How to decode a new protocol

[The Robman]

But OEM codes are a new one to me. I presume they are part of the Misc data that John said shows up even in some decoded protocols. I'll look more at protocols.ini, though I find that very tough going.

In the case of Panasonic, when the OEM codes (which are just additional bytes of fixed data) are set a certain way, the protocol decodes as Panasonic, otherwise it will most likely decode as one of the other Kaseikyo variants.

you need to be flexible enough that when the next device comes along and those bytes are not zeroes, you're not screwed.

But as I'm not precognitive that flexibility has to remain in the mind rather than the protocol decode! At present (in my DecodeIR addition) those zeroes and the checksum formula are part of the way that the protocol is distinguished from others. So anything with different values there will show up again as unknown.

And because it shows up as unknown, the user who encounters it will post it here and I'll have to go through the whole exercise of decoding it again, unless I just happen to remember it from this post, which is unlikely. Whereas, if the decode was more flexible, I wouldn't have to do all that extra work.

I understand that the current DecodeIR / IR.exe setup is limited to just 2 device codes, so I guess I'm asking for that to be more flexible.

[The Robman]

Generally speaking, whenever you see more than 8 bits of variable data, it's a good idea to look for a checksum...

Actually, it's not just for when there are more than 8 bits of variable data. I've recently decoded a couple of signals where there were only 8 variable bits, but I noticed that the last variable bit was always the complement of the previous bit, so in this case the OBC was only really 7 bits in length, followed by a 1-bit checksum.

In that case I would not suggest that you write assembler to handle it, instead you should handle it on the KM/RM side. But just knowing that it's there reduced the range of OBCs from 256 down to 128, which is good to know if you're intending to try all of them looking for discretes.

[mathdon]

And because it shows up as unknown, the user who encounters it will post it here and I'll have to go through the whole exercise of decoding it again, unless I just happen to remember it from this post, which is unlikely. Whereas, if the decode was more flexible, I wouldn't have to do all that extra work.

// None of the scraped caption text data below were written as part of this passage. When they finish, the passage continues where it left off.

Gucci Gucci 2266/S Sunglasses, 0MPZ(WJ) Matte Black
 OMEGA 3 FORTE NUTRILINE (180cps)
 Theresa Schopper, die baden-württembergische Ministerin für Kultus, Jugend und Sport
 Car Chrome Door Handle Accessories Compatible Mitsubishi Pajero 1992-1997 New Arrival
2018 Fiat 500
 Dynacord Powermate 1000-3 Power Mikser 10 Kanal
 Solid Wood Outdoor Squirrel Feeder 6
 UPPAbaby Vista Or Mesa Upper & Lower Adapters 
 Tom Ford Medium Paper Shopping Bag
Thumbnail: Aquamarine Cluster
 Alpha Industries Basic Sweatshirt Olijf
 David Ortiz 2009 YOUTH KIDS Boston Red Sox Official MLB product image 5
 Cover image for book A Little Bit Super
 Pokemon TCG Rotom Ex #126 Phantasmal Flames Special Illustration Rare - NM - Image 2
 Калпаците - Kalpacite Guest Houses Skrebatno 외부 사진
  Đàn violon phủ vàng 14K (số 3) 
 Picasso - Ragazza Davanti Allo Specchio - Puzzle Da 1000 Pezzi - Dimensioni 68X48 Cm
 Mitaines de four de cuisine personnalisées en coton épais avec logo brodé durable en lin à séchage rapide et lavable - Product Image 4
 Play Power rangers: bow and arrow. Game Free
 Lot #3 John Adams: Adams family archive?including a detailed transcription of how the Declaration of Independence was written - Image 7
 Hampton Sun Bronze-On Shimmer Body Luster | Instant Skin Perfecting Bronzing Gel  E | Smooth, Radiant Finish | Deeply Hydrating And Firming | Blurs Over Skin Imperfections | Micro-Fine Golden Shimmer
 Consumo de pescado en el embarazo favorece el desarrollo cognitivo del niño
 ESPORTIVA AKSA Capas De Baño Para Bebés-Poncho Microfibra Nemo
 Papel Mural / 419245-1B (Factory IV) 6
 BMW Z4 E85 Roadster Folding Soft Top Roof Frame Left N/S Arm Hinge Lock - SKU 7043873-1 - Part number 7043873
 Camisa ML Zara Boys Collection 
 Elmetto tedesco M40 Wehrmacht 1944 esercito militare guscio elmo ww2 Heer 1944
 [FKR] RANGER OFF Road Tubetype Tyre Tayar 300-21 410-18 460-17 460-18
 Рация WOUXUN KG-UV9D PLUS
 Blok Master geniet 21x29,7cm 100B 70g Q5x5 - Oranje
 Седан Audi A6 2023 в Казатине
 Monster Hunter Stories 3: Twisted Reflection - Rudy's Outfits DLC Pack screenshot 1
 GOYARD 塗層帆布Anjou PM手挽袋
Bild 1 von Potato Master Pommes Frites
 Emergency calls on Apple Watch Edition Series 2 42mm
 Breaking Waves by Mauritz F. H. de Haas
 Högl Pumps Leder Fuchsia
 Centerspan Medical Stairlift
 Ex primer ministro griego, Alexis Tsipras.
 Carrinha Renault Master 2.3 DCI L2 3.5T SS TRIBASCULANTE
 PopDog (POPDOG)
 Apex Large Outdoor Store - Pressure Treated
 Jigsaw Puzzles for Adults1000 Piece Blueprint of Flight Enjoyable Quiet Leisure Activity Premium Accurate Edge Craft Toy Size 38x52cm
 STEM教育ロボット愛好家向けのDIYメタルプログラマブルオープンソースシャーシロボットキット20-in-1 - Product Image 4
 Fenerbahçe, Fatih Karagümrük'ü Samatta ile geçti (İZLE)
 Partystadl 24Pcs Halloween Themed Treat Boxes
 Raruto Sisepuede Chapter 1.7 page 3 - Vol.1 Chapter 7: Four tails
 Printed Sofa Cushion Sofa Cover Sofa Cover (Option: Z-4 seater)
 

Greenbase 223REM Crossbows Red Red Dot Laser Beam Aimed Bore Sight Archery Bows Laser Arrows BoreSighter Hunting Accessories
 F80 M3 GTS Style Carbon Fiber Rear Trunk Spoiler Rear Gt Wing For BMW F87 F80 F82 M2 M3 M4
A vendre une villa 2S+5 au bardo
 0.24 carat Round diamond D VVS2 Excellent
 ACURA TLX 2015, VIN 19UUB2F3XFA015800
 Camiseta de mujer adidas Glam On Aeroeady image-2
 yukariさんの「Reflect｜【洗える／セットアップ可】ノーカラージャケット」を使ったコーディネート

I understand that the current DecodeIR / IR.exe setup is limited to just 2 device codes, so I guess I'm asking for that to be more flexible.

This is where I need help, not in implementation but in what to implement. There is no other 40-bit "Gap" decode in DecodeIR, so I could make ANY 40-bit Gap code with a (16, -8) leadin show up as IODATA. Should I also check the 38k frequency and 550 base timing within 10%, say? I could make the two 7-bit zero bytes into OEM1 and OEM2 and make them display in the Misc field - or do so only if they are nonzero, which in present circumstances would be neater. But what about the checksum? I want to check its validity but I suspect the formula could be different with nonzero OEM1 and OEM2. My decode at present XORs three nibbles, the high and low nibbles of F and the check nibble C, and tests that the result is 1 (ie binary 1000 interpreted in lsb format). I could append this XOR result to the protocol name, so the present one would show up as IODATA-1. Then any 40-bit Gap protocol would decode as IODATA-x for some x, and if all the x's turn out to be different for someone's remote then we could rethink the checksum formula but at least would have a starting point.

Is this the sort of thing you mean? It might not be the best precognition but it would be a start.
__________________
Graham

[johnsfine]

This is where I need help, not in implementation but in what to implement.

That is a hard question in these situations. I'm always guessing and my guess isn't going to be much better than your guess.

There is no other 40-bit "Gap" decode in DecodeIR, so I could make ANY 40-bit Gap code with a (16, -8) leadin show up as IODATA.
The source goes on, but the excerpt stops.